▶ Activity: Once the line with "nhà dột nát" is found, write it out along with every line after it, exactly, up to the last line of the entries below. Exclude pictures.

START Dataset content

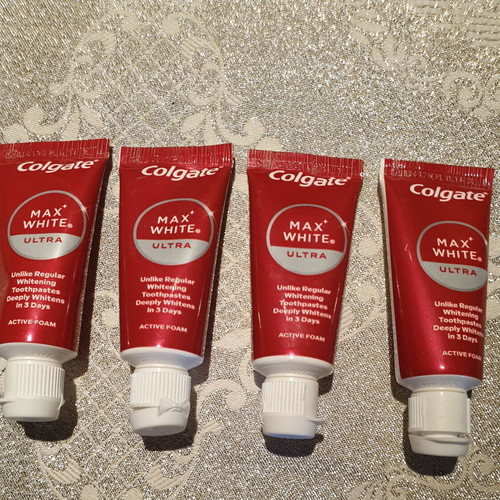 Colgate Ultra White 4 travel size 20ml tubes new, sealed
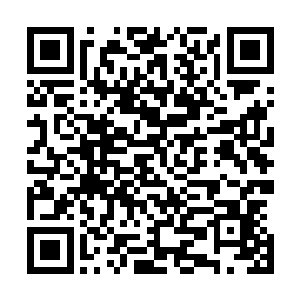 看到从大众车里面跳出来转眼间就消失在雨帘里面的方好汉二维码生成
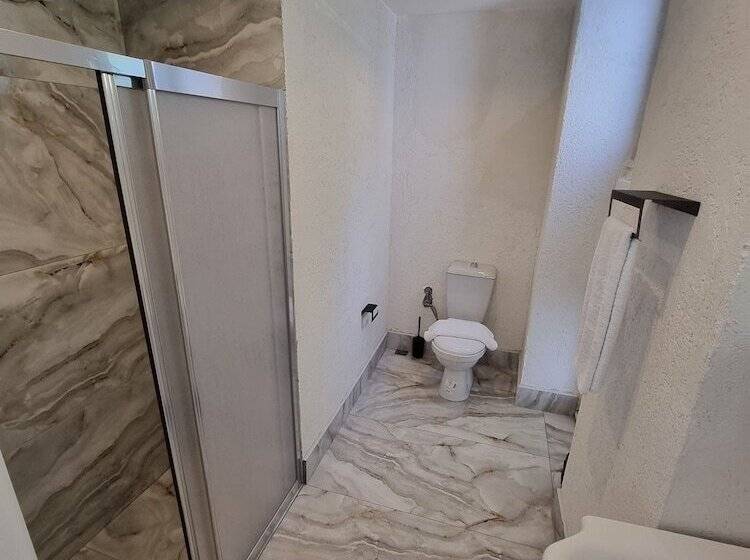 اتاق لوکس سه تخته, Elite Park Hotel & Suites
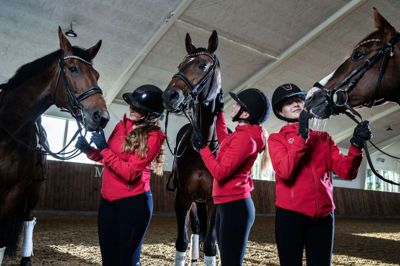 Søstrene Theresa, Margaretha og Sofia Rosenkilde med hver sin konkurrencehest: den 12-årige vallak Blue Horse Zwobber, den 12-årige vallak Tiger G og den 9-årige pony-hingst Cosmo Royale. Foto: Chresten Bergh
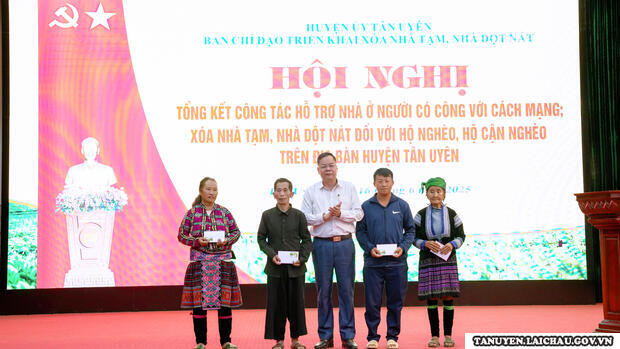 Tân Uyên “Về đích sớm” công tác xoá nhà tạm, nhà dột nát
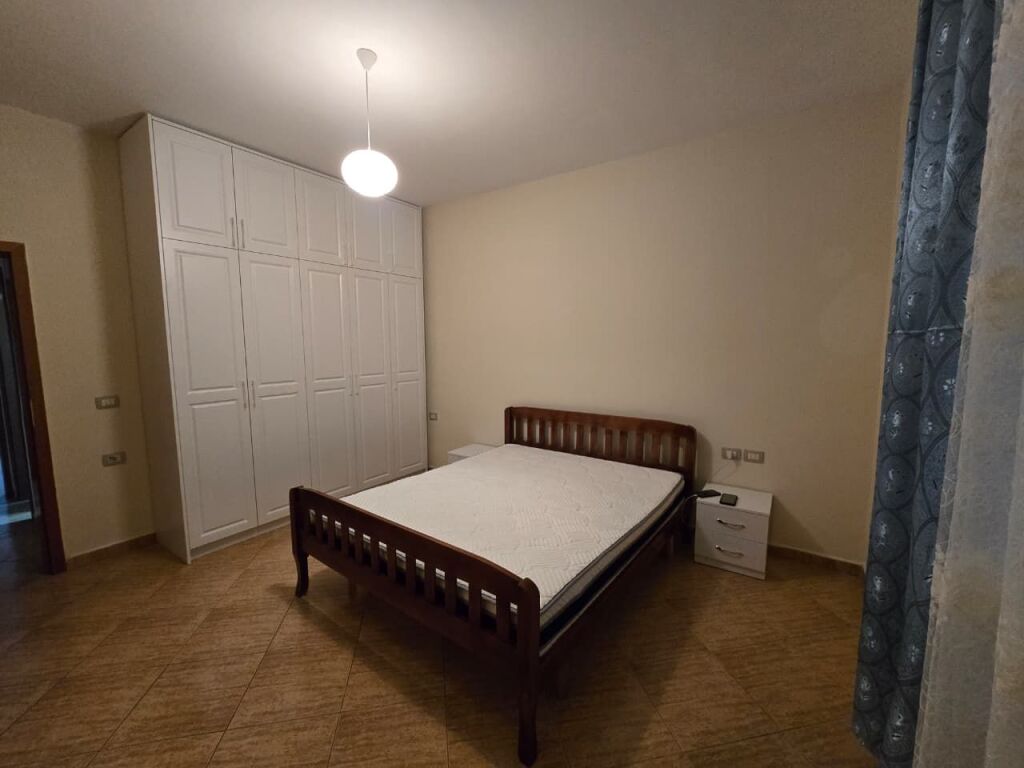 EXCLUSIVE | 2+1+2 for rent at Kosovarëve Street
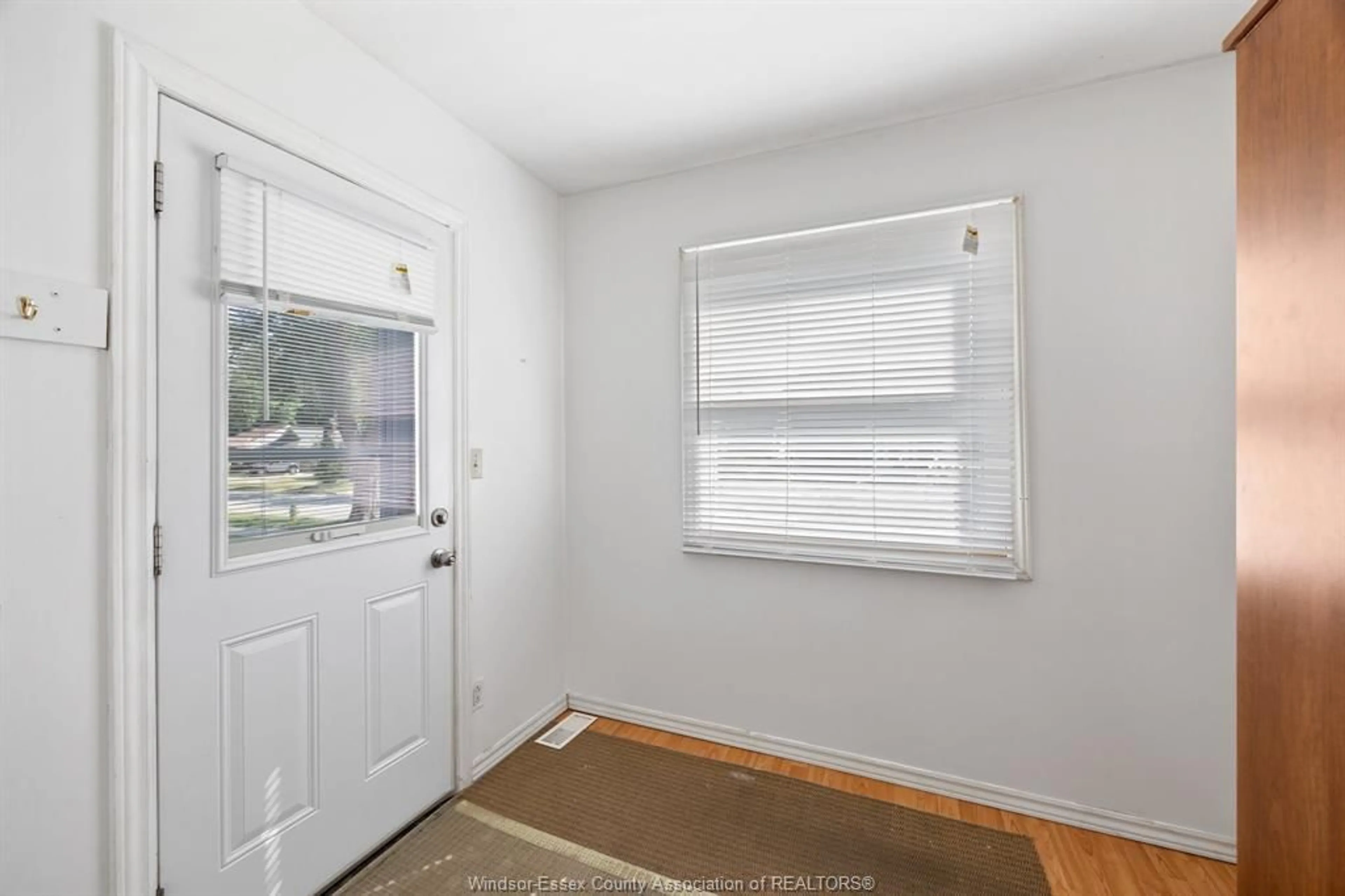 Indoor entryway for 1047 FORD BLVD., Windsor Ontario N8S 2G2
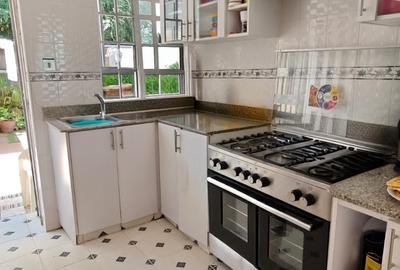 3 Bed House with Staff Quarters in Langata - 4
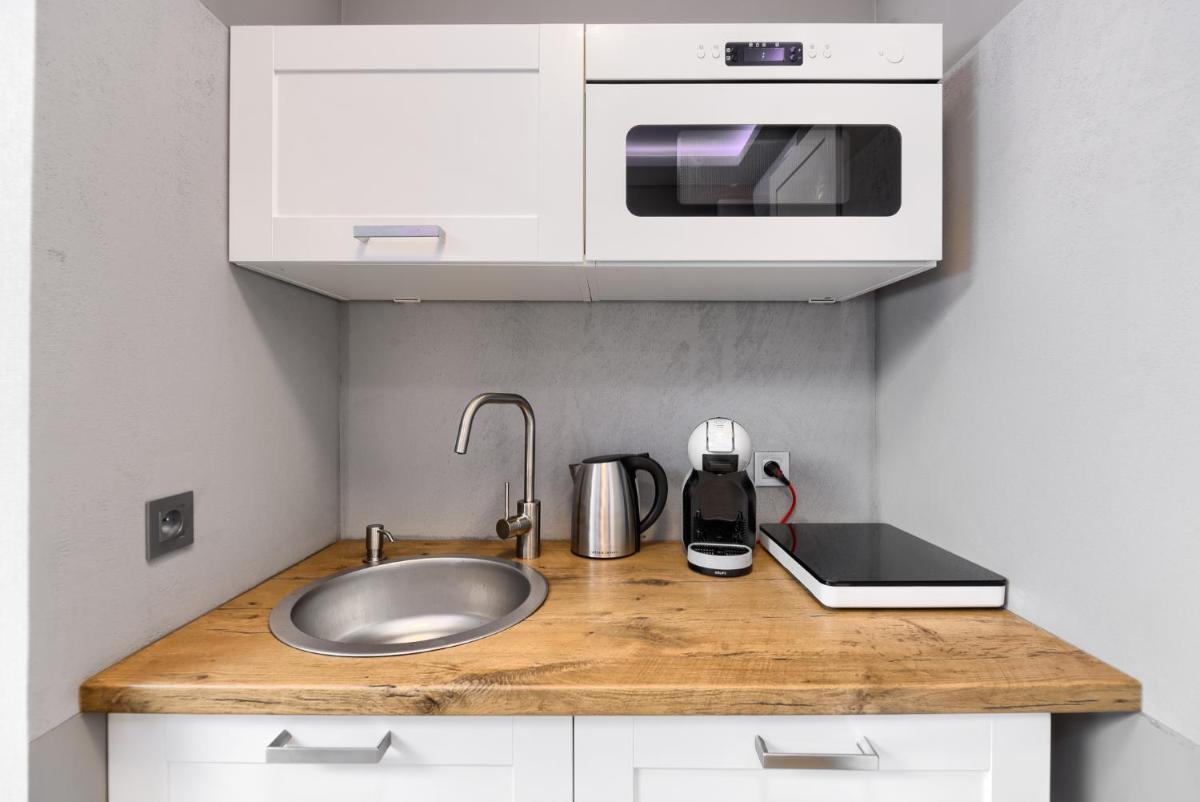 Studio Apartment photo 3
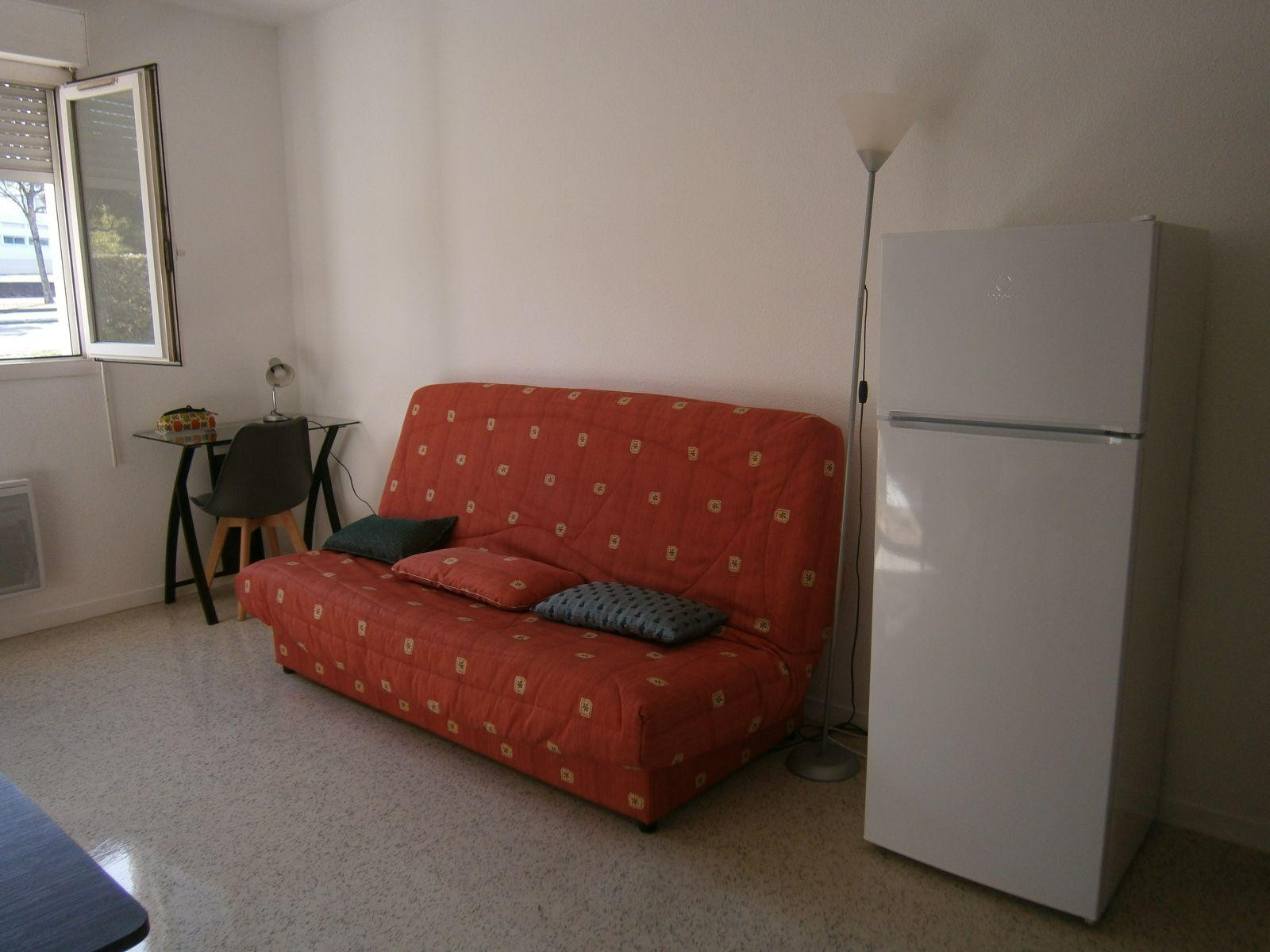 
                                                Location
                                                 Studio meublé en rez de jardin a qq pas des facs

END Dataset content

▶ The completed task:
 Tân Uyên “Về đích sớm” công tác xoá nhà tạm, nhà dột nát
 EXCLUSIVE | 2+1+2 for rent at Kosovarëve Street
 Indoor entryway for 1047 FORD BLVD., Windsor Ontario N8S 2G2
 3 Bed House with Staff Quarters in Langata - 4
 Studio Apartment photo 3
                                                Location
                                                 Studio meublé en rez de jardin a qq pas des facs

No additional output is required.